L’8 marzo di Buenos Aires si preannuncia straordinario

Assemblee piene di donne, ricche di passioni, discussioni e scontri hanno preparato la giornata di mobilitazione più attesa dell’anno. Un racconto dall’interno del movimento

Da quasi due mesi le donne di centinaia di movimenti, campagne, scuole, reti, gruppi femministi, collettivi di genere, lotte di lavoratrici, sindacati e partiti si riuniscono per costruire lo sciopero globale delle donne, lesbiche, travestiti e trans. Le assemblee si riuniscono settimanalmente alla Mutual Sentimiento, uno spazio di muto soccorso nel quartiere Chacarita di Buenos Aires, fondato da un gruppo di ex detenuti ed esiliati politici, dove tra i vecchi vagoni di una rimessa ferroviaria spuntano decine di progetti solidali. Dal primo appuntamento c’è stato un crescendo continuo della partecipazione organizzata e non. Ci si prepara a scioperare contro i licenziamenti, contro il governo Macri e per un aborto legale, sicuro e gratuito, per dire basta alla violenza femminicida e alle violenze statali ed economiche su cui poggiano. Ad ogni incontro è più evidente: questo 8 marzo esploderà.

La costruzione di un processo inclusivo

Entrare nella Mutual Sentimiento durante le assemblee di costruzione dello sciopero globale delle donne dà l’impressione di farti accedere a qualcosa di nuovo che già esiste nel mondo e di farlo da una porta attraverso la quale tutto prende un’angolazione diversa. Si vede ciò che c’è sempre stato: stringersi, compattarsi, prendere forma e vivere uno spazio-tempo proprio.

Costruire un processo del genere obbliga a pensare dalla pratica cosa vuol dire un’inclusività non assimilante. Le assemblee si dividono in commissioni, le metodologie si discutono e autoregolamentano per favorire la presa di parola a chi fa più fatica, il linguaggio usato è analizzato e sottoposto a continua (auto)critica, le commissioni che lo richiedono sono tradotte nel linguaggio dei segni. Un processo inclusivo: perché così deve essere la lotta contro l’esclusione e la violenza sul corpo delle donne in tutte le sue forme. È questa la consapevolezza che porta al comporsi delle numerose istanze e dei numerosi femminismi che qui, tra infinite differenze, si incontrano. Nel farsi pratica questo processo è passione, amore e – inevitabilmente – scontro che si fa parola, si vive nella carne e costruisce linguaggio.

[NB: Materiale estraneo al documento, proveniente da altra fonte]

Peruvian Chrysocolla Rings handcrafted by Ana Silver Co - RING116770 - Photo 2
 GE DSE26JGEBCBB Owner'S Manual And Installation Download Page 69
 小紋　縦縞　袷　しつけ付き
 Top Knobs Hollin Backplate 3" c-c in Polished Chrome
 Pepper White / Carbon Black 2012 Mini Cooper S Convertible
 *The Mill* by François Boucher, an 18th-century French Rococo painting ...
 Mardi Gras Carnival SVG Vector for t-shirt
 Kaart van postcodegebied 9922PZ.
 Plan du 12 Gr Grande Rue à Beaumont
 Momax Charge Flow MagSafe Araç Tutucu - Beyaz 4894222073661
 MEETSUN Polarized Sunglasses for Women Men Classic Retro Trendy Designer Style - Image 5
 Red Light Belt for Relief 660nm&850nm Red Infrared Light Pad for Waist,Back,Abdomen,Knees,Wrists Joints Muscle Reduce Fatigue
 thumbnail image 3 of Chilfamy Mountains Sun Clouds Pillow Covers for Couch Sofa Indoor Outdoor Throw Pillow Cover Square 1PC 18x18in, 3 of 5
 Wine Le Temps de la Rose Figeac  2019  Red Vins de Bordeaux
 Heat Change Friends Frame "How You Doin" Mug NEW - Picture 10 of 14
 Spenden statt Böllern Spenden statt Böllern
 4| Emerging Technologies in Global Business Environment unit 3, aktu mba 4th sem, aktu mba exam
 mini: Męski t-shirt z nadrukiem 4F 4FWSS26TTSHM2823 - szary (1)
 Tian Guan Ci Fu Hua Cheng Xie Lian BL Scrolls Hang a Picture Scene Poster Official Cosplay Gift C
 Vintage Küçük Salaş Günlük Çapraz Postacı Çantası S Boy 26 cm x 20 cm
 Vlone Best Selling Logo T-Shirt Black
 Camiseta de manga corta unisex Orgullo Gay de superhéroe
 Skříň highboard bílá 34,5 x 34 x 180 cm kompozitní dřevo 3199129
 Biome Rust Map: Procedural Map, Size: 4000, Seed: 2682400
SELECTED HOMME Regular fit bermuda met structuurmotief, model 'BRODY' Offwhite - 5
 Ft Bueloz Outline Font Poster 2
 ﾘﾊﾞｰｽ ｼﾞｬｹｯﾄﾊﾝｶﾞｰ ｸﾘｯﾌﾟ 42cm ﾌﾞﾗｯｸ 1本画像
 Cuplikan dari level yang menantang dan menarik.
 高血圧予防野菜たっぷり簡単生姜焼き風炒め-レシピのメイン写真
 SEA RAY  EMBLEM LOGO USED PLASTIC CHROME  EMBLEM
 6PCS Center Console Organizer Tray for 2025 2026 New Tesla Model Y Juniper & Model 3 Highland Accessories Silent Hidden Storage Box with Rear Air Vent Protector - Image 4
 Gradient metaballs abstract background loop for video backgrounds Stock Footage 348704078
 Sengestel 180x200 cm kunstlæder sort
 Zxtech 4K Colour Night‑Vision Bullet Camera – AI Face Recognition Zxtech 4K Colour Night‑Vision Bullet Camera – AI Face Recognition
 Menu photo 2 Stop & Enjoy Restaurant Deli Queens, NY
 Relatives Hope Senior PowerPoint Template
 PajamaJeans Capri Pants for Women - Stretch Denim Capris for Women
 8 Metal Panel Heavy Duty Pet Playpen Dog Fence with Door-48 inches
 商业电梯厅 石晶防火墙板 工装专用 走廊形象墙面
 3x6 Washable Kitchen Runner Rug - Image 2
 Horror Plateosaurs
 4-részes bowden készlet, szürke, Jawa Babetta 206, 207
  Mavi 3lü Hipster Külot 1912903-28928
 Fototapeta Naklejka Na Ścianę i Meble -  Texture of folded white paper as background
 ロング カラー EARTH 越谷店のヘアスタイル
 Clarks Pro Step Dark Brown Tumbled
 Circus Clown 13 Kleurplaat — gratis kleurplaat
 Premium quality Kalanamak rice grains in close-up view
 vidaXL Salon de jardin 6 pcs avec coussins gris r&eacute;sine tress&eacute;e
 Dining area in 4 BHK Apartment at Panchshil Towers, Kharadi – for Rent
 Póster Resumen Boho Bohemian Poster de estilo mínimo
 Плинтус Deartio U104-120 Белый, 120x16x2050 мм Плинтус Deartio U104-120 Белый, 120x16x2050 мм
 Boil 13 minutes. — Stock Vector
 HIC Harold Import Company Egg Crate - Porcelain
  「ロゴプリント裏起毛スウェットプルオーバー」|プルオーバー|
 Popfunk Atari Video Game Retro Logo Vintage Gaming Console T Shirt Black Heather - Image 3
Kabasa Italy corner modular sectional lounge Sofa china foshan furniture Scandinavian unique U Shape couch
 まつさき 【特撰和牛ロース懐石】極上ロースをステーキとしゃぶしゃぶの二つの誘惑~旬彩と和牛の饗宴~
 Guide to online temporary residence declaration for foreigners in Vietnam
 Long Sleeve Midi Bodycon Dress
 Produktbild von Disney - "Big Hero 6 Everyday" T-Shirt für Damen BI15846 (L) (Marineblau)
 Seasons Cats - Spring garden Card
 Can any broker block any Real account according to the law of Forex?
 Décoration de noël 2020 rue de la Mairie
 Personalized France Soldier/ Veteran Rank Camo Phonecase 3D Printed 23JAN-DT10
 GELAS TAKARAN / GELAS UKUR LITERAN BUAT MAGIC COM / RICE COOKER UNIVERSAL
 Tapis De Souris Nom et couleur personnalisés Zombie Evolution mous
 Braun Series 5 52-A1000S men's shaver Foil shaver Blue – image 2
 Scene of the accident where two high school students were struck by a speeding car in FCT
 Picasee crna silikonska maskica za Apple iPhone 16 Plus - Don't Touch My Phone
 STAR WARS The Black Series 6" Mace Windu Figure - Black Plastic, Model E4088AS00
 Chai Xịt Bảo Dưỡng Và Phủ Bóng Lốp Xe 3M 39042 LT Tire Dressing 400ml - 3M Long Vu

Lontano da un cantico armonioso, si urla di rabbia, si piange di gioia e di dolore, si alzano cori, si litiga e ci si stringe in abbracci collettivi. Dalla Mutual Sentimiento si esce sempre sfiniti. Perché questa rivoluzione stravolge l’esistenza di chi l’attraversa, mettendo in gioco a ogni confronto e costruzione sensibilità e corpo.

Intersezionalità delle lotte e organizzazione capillare contro il patriarcato

A due anni dall’assassinio di Berta Carceres, apre l’ultima assemblea sua figlia, per raccontare la recente notizia dell’arresto del direttore dell’impresa contro la quale Berta lottava. “L’eco di questa rivoluzione ci permette di arrivare alle costole dei più potenti del mondo. Portare avanti questa lotta è portare avanti l’eredità di Berta e di tutte le donne uccise per le loro battaglie”. Lo sciopero globale significa anche mettere un freno a questa (in)giustizia patriarcale, lottare contro il colonialismo, rompere le frontiere e difendere la terra dagli attacchi del capitale. Risuonano gli interventi dei movimenti indigeni di tutta l’America Latina.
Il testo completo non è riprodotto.